When you reach the line containing "Customized Blue Figure" in the entries below, start writing out each line exactly, and stop after the line containing "W019. LYCRA® Cropped".

--- --- ---

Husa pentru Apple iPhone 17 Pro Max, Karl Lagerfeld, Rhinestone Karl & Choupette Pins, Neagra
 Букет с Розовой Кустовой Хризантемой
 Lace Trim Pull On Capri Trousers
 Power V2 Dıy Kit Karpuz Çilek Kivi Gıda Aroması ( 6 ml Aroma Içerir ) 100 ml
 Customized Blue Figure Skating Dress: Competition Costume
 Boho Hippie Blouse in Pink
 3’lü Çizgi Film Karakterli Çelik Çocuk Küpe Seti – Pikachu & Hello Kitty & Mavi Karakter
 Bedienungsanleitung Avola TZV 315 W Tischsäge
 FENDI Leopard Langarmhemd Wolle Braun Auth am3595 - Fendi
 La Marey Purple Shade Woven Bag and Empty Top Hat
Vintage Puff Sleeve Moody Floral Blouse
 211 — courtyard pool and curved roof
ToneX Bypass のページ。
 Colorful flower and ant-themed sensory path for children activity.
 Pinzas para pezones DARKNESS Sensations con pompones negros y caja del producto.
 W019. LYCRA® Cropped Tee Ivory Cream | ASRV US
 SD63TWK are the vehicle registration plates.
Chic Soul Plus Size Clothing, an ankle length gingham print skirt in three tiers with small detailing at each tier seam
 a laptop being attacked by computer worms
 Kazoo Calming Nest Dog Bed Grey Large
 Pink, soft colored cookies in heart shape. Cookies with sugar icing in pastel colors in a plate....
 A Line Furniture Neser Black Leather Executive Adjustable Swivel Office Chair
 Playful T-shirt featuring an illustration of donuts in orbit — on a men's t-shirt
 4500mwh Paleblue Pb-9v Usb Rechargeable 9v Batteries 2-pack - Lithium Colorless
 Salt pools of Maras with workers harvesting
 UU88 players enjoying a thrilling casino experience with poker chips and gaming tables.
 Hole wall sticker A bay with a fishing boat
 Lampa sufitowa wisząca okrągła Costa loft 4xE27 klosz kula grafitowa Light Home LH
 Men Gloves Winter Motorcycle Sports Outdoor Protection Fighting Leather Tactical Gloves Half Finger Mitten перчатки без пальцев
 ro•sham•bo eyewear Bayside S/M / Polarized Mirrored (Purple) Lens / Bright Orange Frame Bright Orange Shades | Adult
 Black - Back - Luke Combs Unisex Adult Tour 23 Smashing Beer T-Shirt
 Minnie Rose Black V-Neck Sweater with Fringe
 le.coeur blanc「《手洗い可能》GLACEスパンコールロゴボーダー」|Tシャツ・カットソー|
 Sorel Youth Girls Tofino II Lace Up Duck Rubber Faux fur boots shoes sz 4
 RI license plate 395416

--- --- ---

▶ _Solution_
 Customized Blue Figure Skating Dress: Competition Costume
 Boho Hippie Blouse in Pink
 3’lü Çizgi Film Karakterli Çelik Çocuk Küpe Seti – Pikachu & Hello Kitty & Mavi Karakter
 Bedienungsanleitung Avola TZV 315 W Tischsäge
 FENDI Leopard Langarmhemd Wolle Braun Auth am3595 - Fendi
 La Marey Purple Shade Woven Bag and Empty Top Hat
Vintage Puff Sleeve Moody Floral Blouse
 211 — courtyard pool and curved roof
ToneX Bypass のページ。
 Colorful flower and ant-themed sensory path for children activity.
 Pinzas para pezones DARKNESS Sensations con pompones negros y caja del producto.
 W019. LYCRA® Cropped Tee Ivory Cream | ASRV US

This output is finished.